Historians say the veto power held by the five permanent Security Council members paralyzed the U.N. in responding to various regional crises that cropped up during its first 45 years—the years of the Cold War, when the U.S. and the Soviet Union were jockeying for global influence and took turns blocking any resolution that they thought might help the other.
Yet U.N. actions have still helped shape the modern world. In 1947, the U.N. created the state of Israel, partitioning the British-occupied territory of Palestine between the majority Arab population and the minority population of Jews, whose numbers were rapidly expanding with the arrival of displaced survivors of the Holocaust.
A few years later, U.N. peacekeeping forces defended South Korea during an invasion by Communist North Korea and brokered an armistice that has held for 70 years.
When the world’s two superpowers confronted each other in 1962 over the Soviet placement of ballistic missiles in Cuba, 90 miles from American shores, the tensions publicly played out during a Security Council meeting. U.N. ambassador Adlai Stevenson of the U.S. displayed photographs of the missiles taken by spy planes and challenged his Soviet counterpart to deny that his country planted the missile launchers, famously declaring: “I am prepared to wait for my answer until hell freezes over.” Behind the scenes, U Thant, the U.N. secretary general, mediated a deal between the U.S. and the Soviet Union to remove the missiles, preventing a nuclear Armageddon.

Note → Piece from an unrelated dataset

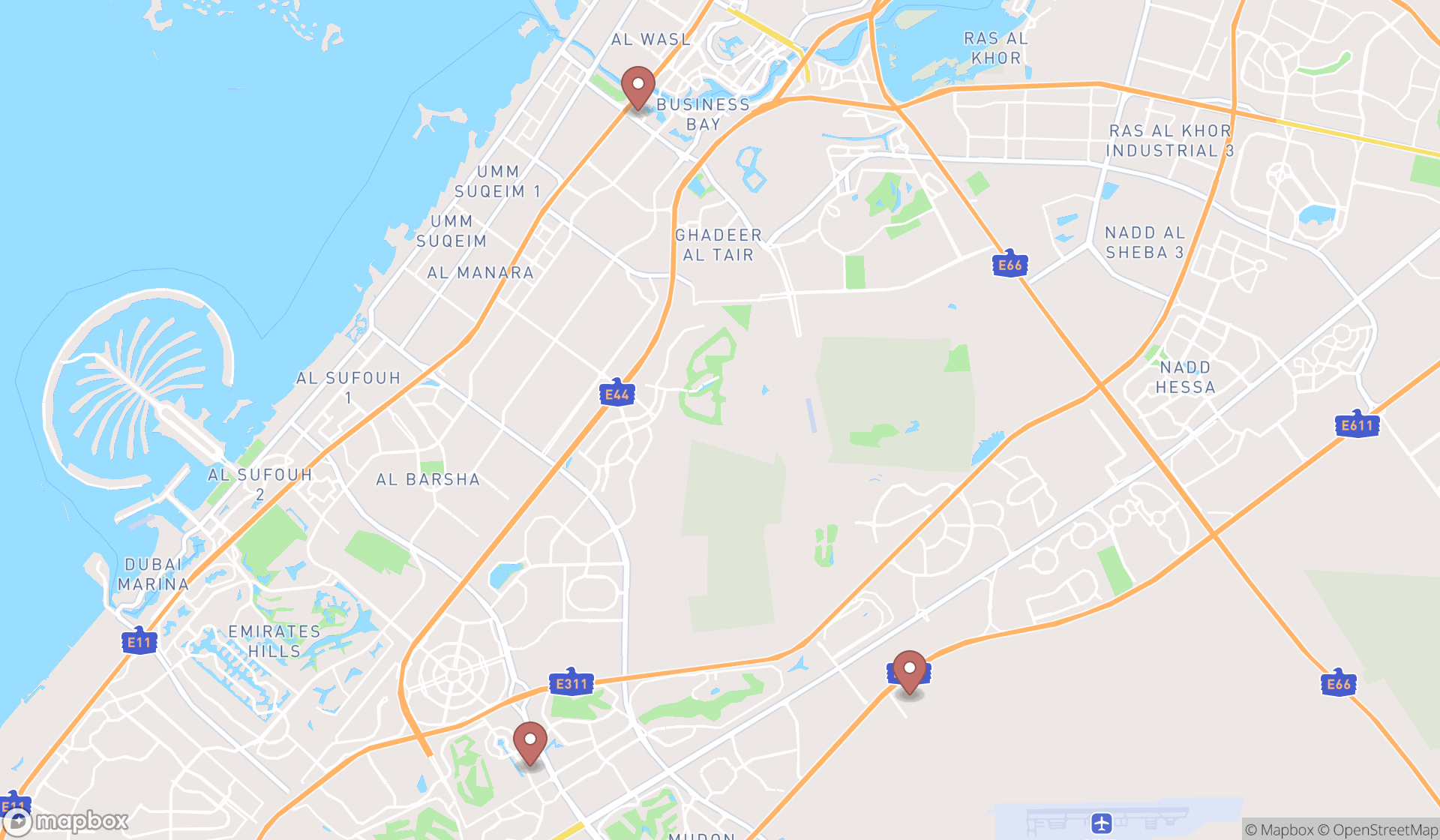 Map showing the search results in Dubai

And from the late 1940s through the ’60s, the U.N. helped several African and Asian countries achieve and defend their independence from European colonial powers. Throughout the 1980s, it exerted pressure on South Africa until the government ended apartheid, its discriminatory system of White rule, in 1990. When the Cold War ended with the collapse of the Soviet Union in 1991, there was a feeling of optimism that the U.N. could finally live up to its founders’ ideals.

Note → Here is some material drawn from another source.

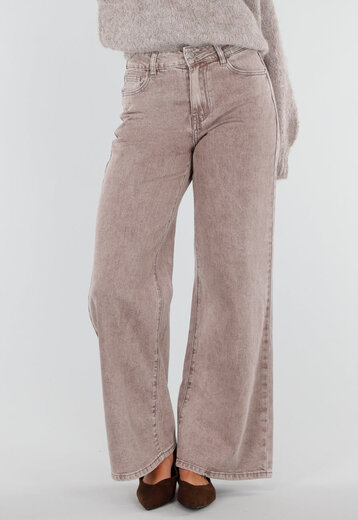 Bruine Wide Leg Jeans met Hoge Taille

But that hope didn’t last long. The U.N. peacekeeping response to civil wars that broke out in the former Yugoslav republics in the early 1990s failed to prevent the deaths of tens of thousands of civilians. And in 1994, in one of the darkest moments in the U.N.’s history, its members were too slow to act while Hutu extremists in Rwanda killed 800,000 Tutsis in an ethnic cleansing campaign, and Tutsis responded with retributive massacres.
Since then, the U.N. has come to realize that it can be most useful by intervening in conflicts where the warring parties are exhausted from fighting and are finally ready to rebuild.
“Well-meaning failures,” says Meisler, “forced the United Nations to scale down its ambitions.”